• WHAT TO PRODUCE
Each entry below should be given again exactly; the pictures stay out.

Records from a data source

-=-=-=-=-

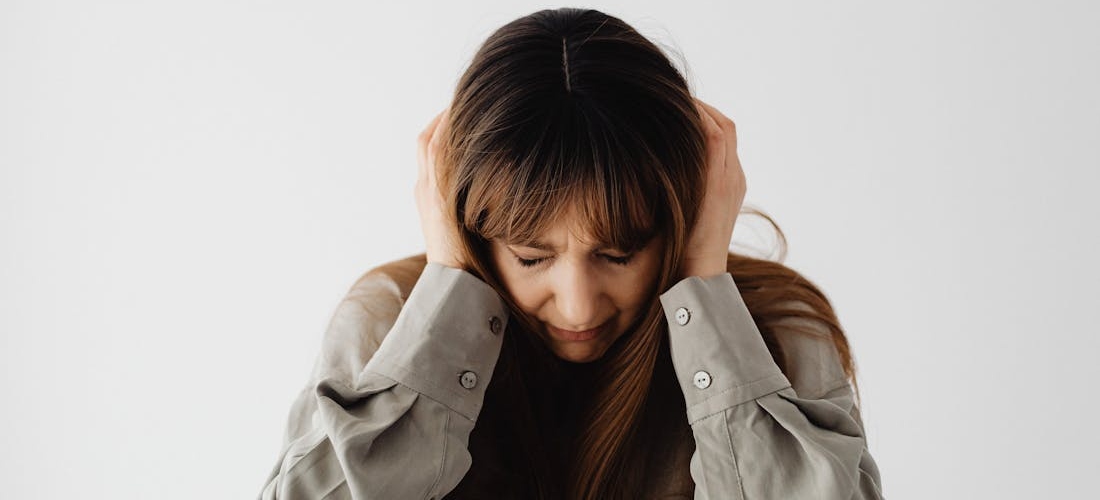 A person holding their head in frustration, showing the emotional strain of anxiety and alcohol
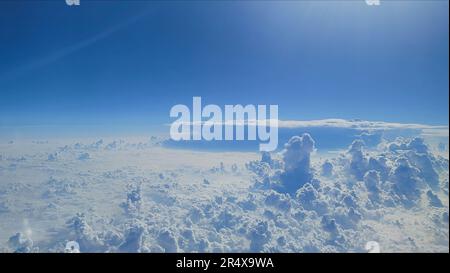 White storm cloud formations above the city from the airplane window for graphic resources PowerPoint slide template background Stock Photo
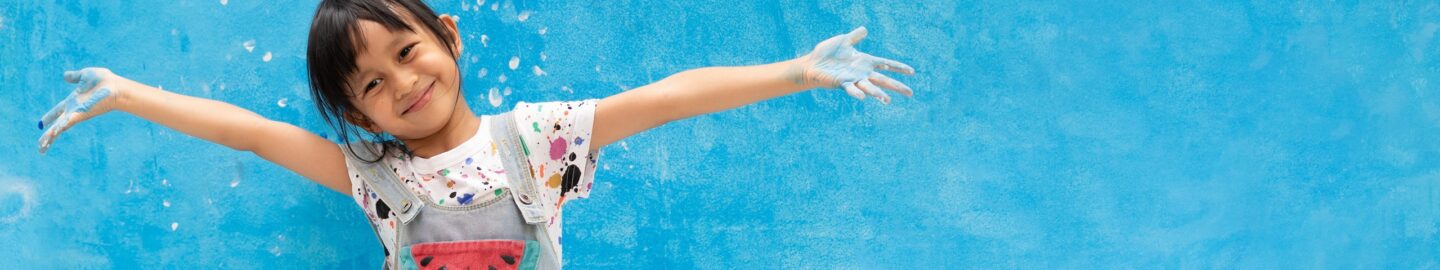 Banner of asian little girl is painting the blue color on the wa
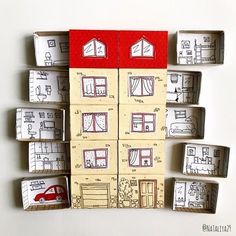 several boxes with drawings on them are arranged in the shape of small houses and a red car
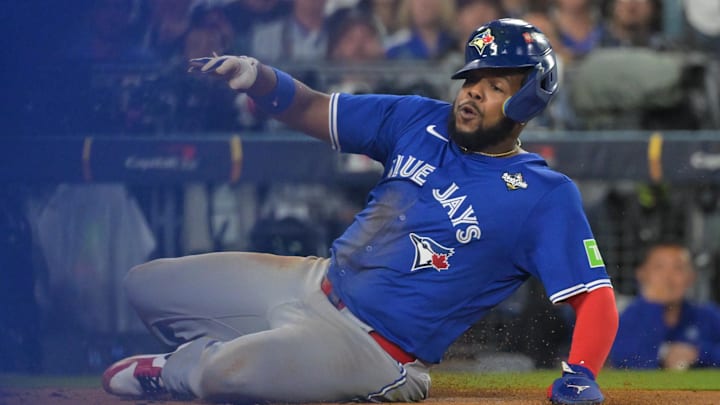 Toronto Blue Jays first baseman Vladimir Guerrero Jr. slid into home plate to score the go-ahead run in Game 3 of the 2025 World Series. Toronto Blue Jays first baseman Vladimir Guerrero Jr. slid into home plate to score the go-ahead run in Game 3 of the 2025 World Series.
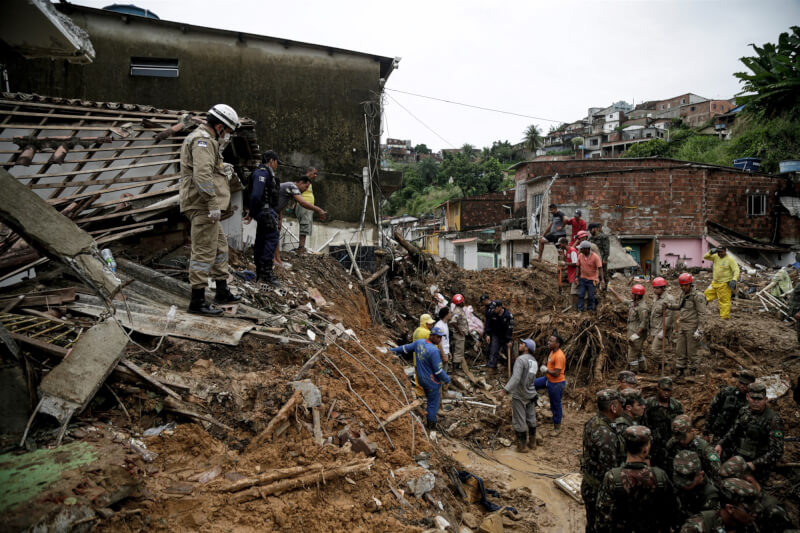 巴西東北部地區日前降下傾盆大雨造成山崩，救難人員在災難現場搜救。（法新社）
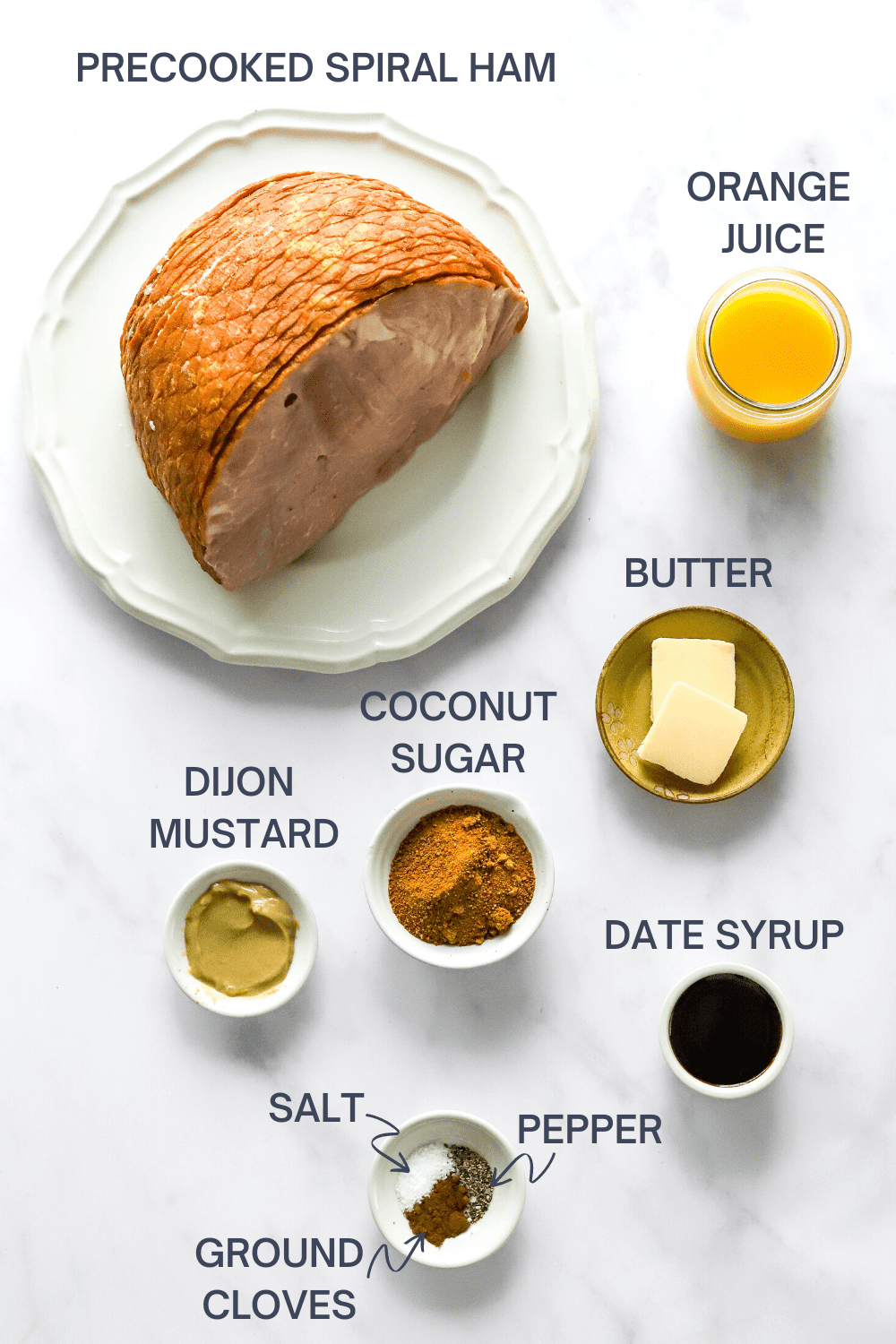 Air fryer baked ham ingredients on a white surface with labels over the top of each ingredient.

-=-=-=-=-

• TASK ANSWER
 A person holding their head in frustration, showing the emotional strain of anxiety and alcohol
 White storm cloud formations above the city from the airplane window for graphic resources PowerPoint slide template background Stock Photo
 Banner of asian little girl is painting the blue color on the wa
 several boxes with drawings on them are arranged in the shape of small houses and a red car
 Toronto Blue Jays first baseman Vladimir Guerrero Jr. slid into home plate to score the go-ahead run in Game 3 of the 2025 World Series. Toronto Blue Jays first baseman Vladimir Guerrero Jr. slid into home plate to score the go-ahead run in Game 3 of the 2025 World Series.
 巴西東北部地區日前降下傾盆大雨造成山崩，救難人員在災難現場搜救。（法新社）
 Air fryer baked ham ingredients on a white surface with labels over the top of each ingredient.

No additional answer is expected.